Les services financiers ne feront pas partie de l'accord de libre-échange dont Londres et Bruxelles peinent à accoucher, sauf retournement de dernière minute. Du coup, la plupart des acteurs du secteur ont pris les devants en relocalisant une partie de leur activité sur le Vieux Continent.
La City - Londres - Royaume-Uni - Angleterre
La City - Londres - Royaume-Uni - Angleterre

Il reste désormais moins d'un mois pour que Londres et Bruxelles s'entendent sur les termes d'un accord de libre-échange, qui régira leurs relations une fois le Royaume-Uni sorti de l'UE. Sans quoi, le pays quittera l'Union le 30 décembre sans filet de sécurité et ce sont donc les règles de l'OMC qui s'appliqueront entre les deux blocs. Si la pêche et les conditions de concurrence équitable constituent les principaux points de friction entre les deux camps, les services financiers eux, ont depuis longtemps pris les devants, ayant été sortis très tôt du champ des négociations en cours.
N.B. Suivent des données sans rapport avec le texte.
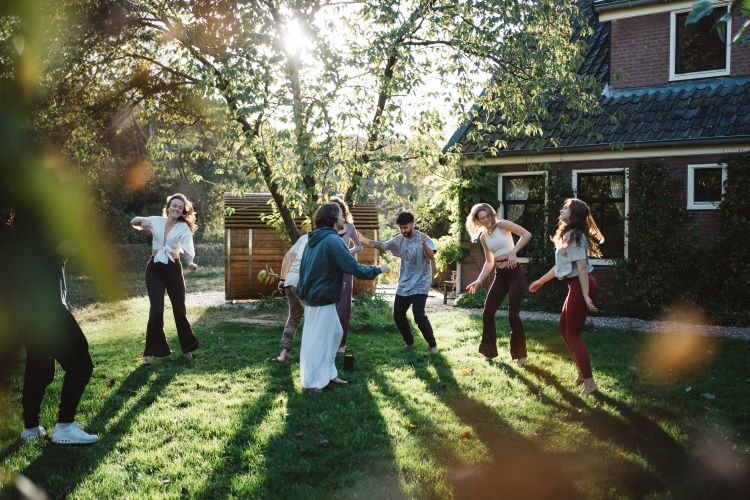 Rhythms of joy intertwine as our retreat becomes a dance floor of happiness. A united group swaying to the melodies of togetherness at New Eleusis Psilocybin Retreat Zeeveld The Netherlands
Rappelons en effet que selon les termes de l'accord de sortie, adopté par le Parlement britannique en janvier 2020, le système de passeport financier -qui permettait à toute entité financière présente dans un État membre de l'UE de proposer ses services dans les autres États sans autorisation préalable- prendra fin. Pour continuer à proposer leurs services dans l'UE, les entreprises financières basées à Londres devront donc demander une équivalence aux autorités nationales de chaque État dans lesquels elles souhaitent exercer. "En substance, l'accord de sortie du Royaume-Uni de l'UE ne contient rien sur les services financiers, qui sont traités de manière unilatérale sous l'angle de l'équivalence. Il n'y a pas d'accord bilatéral pour un accès au marché intérieur depuis Londres", explique ainsi Nicolas Mackel, directeur général de Luxembourg for Finance. Ce qui explique que les services financiers aient pour la plupart décidé de délocaliser une partie de leur activité sur le Vieux Continent. "Certes, les équivalences pourront aider mais elles ne sont qu'un ersatz pour accéder au marché européen puisqu'il existe 39 régimes différents compris dans différentes directives. Du coup, une grande partie des acteurs londoniens ont déjà relocalisé leur activité à Francfort, au Luxembourg, à Paris ou Dublin", poursuit Nicolas Mackel. La plupart ont ainsi réalisé leurs transferts entre 2017 et la première moitié de 2018, afin d'être prêts pour la date initiale de sortie, prévue le 29 mars 2019. "Les services financiers sont très réglementés et les procédures pour obtenir les autorisations nécessaires peuvent prendre de 12 à 18 mois", poursuit Nicolas Mackel. Une chose est sûre, "à partir du 1er janvier, il ne sera juridiquement plus possible de servir des clients de l'UE depuis Londres".

 

Les plateformes de trading ont elles aussi relocalisé une partie de leur activité

 

Parmi les dernières du secteur financier à avoir pris la décision de se déplacer sur le Vieux Continent, les plateformes de trading : le 26 novembre dernier, Goldman Sachs a ainsi annoncé le lancement de sa plateforme de trading alternative en actions, Sigma X, afin de garantir à ses clients d'accéder à toutes leurs sources de liquidité, post Brexit. Puisqu'à partir du 4 janvier prochain, premier jour ouvré de sortie du Royaume-Uni de l'UE, les banques européennes ne pourront passer leurs ordres que sur des Bourses situées sur le Vieux Continent ou dans des pays disposant du régime d'équivalence. Lundi, la plateforme Turquoise (qui dispose de 5 % du marché des systèmes multilatéraux de négociations, MTF) a quant à elle démarré ses activités depuis Amsterdam où elle a choisi de se relocaliser, dans la perspective d'un Hard Brexit. CBOE, plus grosse plateforme alternative du marché avec 22 % des parts, a elle aussi choisi les Pays Bas pour s'établir, tandis qu'Aquis s'est installée à Paris.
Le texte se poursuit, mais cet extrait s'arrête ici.